Because it is an indexed script query, you can select volumes to have each type of graph created for. This makes it easy to select the volumes that you want to see, for instance, NFS latency using the standard list of objects that Cacti provides.

The setup is fairly simple…you’ll need the XML file that describes the inputs and outputs that Cacti communicates to the script, the perl script itself, and import the graph templates. After placing the perl script in your $cacti_path/scripts directory, edit it and make sure that the NetApp SDK files are available. I usually put them in perl’s main library path, but if you have them in the directory with your script(s) just make sure that a use lib "/path/to/NetApp/sdk" is in the script at the top.

After placing the na-cacti-volume-stats.xml file in $path_cacti/resource/script_queries directory, the only other modification you should need to make is to put the username and password that will be used to connect to the NetApp(s) in the XML file. I don’t particularly like this, for one, it’s a security risk, and two, it’s very static. You are welcome to modify the perl script so that it handles authentication a different way, but due to how Cacti behaves and the information that it passes (or doesn’t pass, as the case may be), the only way I have found to provide credentials is outside of the Cacti interface.

Anyway, that irritation aside, make sure that the permissions to the file are tightened such that only the Cacti user can access it, which helps to mitigate the security risk. The second part of mitigation is to ensure that the user which connects and polls the NetApp has limited access. You should not (SHOULD NOT!) be using root, or any other user in the Administrators group, to connect. The user you use to connect doesn’t need to modify anything, so they shouldn’t have those role based accesses enabled.

That should get you started. If you have any issues with the script or templates, please let me know in the comments.

31 thoughts on “Cacti: Monitor protocol statistics for NetApp volumes

    • Manuel,

      You can monitor LUN statistics using a script very similar to this. I will work on modifying the script and making some templates. Hopefully I can get it posted sometime soon!

      Thanks for reading,

      Andrew

  1. Andrew, I had a problem when I imported the cacti template, I had a lot of unmet dependencies. I went through and tried to add the other templates that were referenced yet the same happened when I re imported. Is there something I am missing?

    • Greg,

      To be honest, I’m not sure what would cause the unmet dependencies. The templates were exported from an 0.8.7f instance, so if you are using the 0.8.7g, that could explain some of it perhaps.

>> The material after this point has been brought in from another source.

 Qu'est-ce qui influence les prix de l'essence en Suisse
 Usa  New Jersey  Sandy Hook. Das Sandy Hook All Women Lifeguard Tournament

      I am at VMworld this week, when I return I will re export the templates from the newest version of Cacti. If you have a list of the errors that may prove useful as well.

      Thanks for reading,

      Andrew

  2. Andrew, I’m running 8.7e. I went through and matched up all of the dependencies in the data queries, exported the template and reimported it and it looks like it is good to go.

    Thanks
    Greg

  3. I am using Cacti 0.8.7g. Is there a fix for the unmet dependencies when importing the template? Also when i’m not getting any data from the data queries, is this normal since the queries are run through background perl scripts?

    Thanks,

    Chris

  4. I am also using Cacti 0.8.7g and having the same unmet dependencies issue. The script runs fine from the command line the but the graph for IOPs doesn’t populate.
    Any thoughts?

    Brian

  5. The unmet dependencies are due to a templating bug in an earlier version of Cacti. The author of the templates needs to run a command in the cli directory called ‘repair_templates.php’. Then, re-export them to correct this problem.

    TheWitness

  6. Thanks for the templates – exactly what I was looking for. I also ran into issue with dependencies due to the template bug referenced in comment 14. Got the backend netapp api working, just need the repaired templates.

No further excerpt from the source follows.